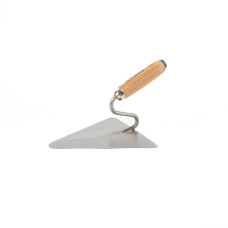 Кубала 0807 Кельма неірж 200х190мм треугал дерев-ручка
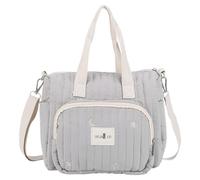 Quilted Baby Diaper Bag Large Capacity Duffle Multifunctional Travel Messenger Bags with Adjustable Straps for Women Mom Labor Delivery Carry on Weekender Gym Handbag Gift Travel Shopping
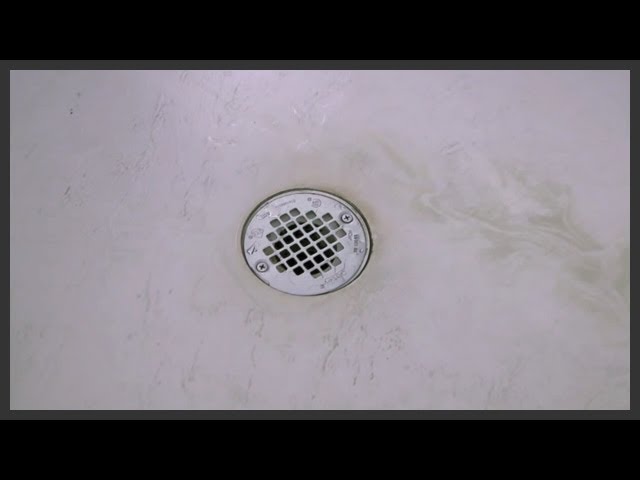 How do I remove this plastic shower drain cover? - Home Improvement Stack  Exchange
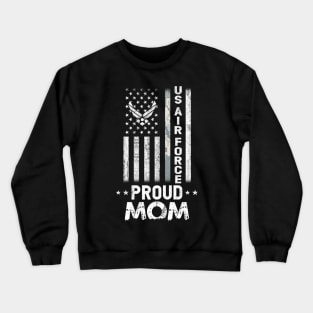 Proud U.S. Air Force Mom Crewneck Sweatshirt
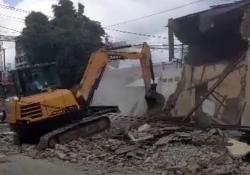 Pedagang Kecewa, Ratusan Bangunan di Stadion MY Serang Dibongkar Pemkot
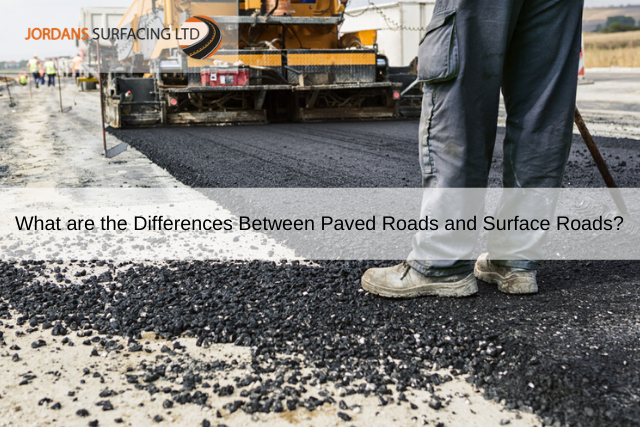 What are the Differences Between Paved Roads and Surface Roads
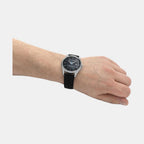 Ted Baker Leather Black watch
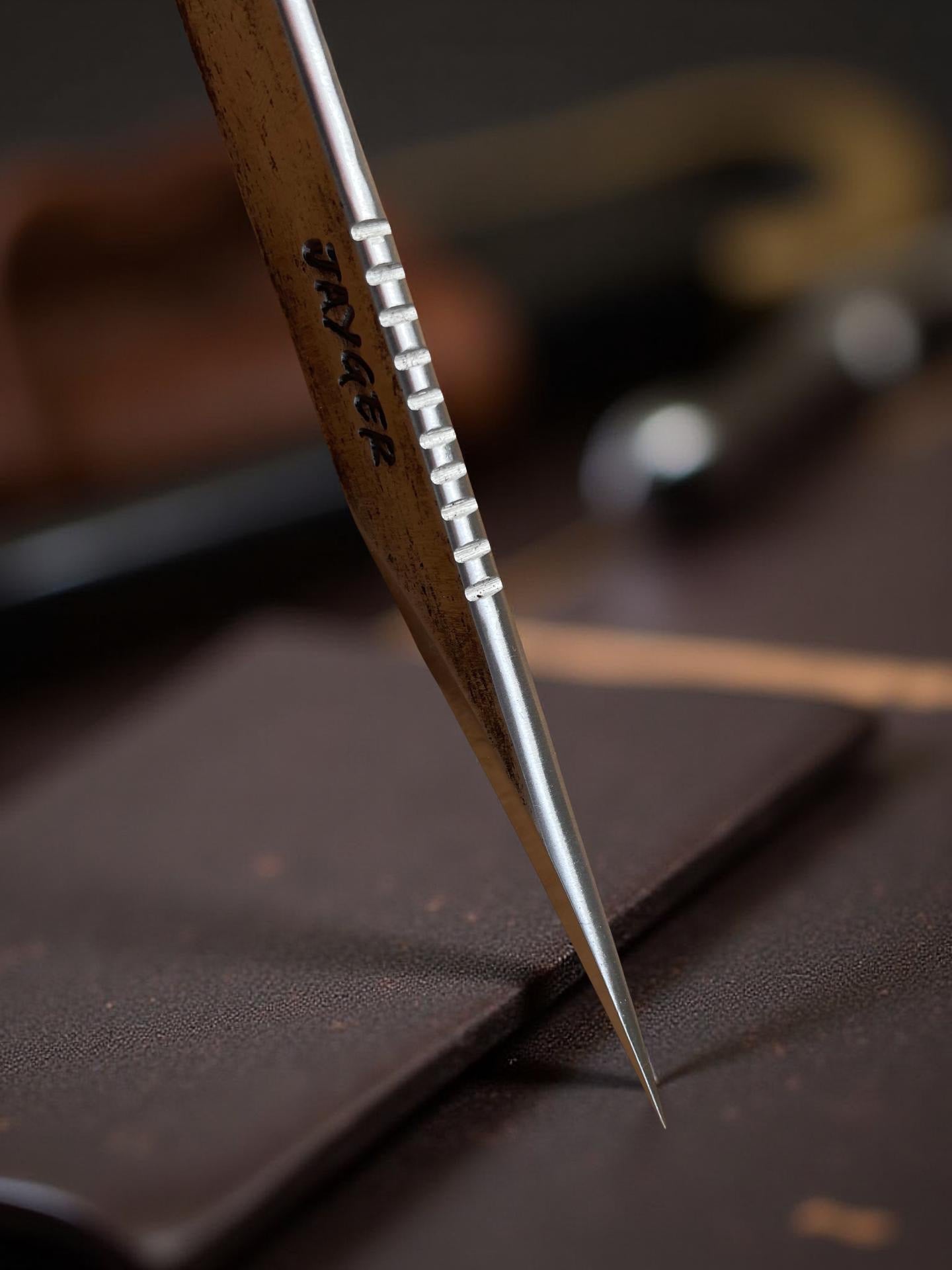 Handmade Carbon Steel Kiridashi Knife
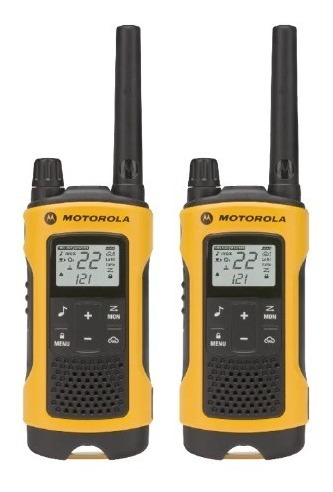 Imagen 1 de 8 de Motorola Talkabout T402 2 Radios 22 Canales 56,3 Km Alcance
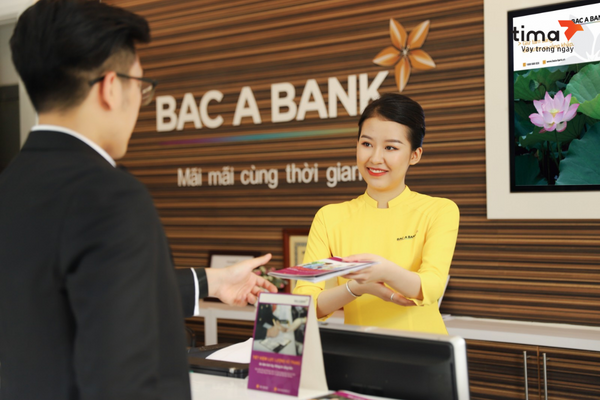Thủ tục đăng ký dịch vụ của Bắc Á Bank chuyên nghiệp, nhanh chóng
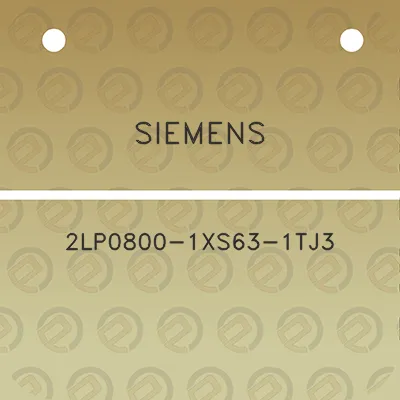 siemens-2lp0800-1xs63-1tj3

▶ **ACTIVITY**: Could you write out exactly the lines running from the one with "Proud U.S. Air Force Mom Crewneck Sweatshirt" through the last line of the data above, both ends kept, and omit any picture?

▶ **WORKED SOLUTION**:
 Proud U.S. Air Force Mom Crewneck Sweatshirt
 Pedagang Kecewa, Ratusan Bangunan di Stadion MY Serang Dibongkar Pemkot
 What are the Differences Between Paved Roads and Surface Roads
 Ted Baker Leather Black watch
 Handmade Carbon Steel Kiridashi Knife
 Imagen 1 de 8 de Motorola Talkabout T402 2 Radios 22 Canales 56,3 Km Alcance
Thủ tục đăng ký dịch vụ của Bắc Á Bank chuyên nghiệp, nhanh chóng
 siemens-2lp0800-1xs63-1tj3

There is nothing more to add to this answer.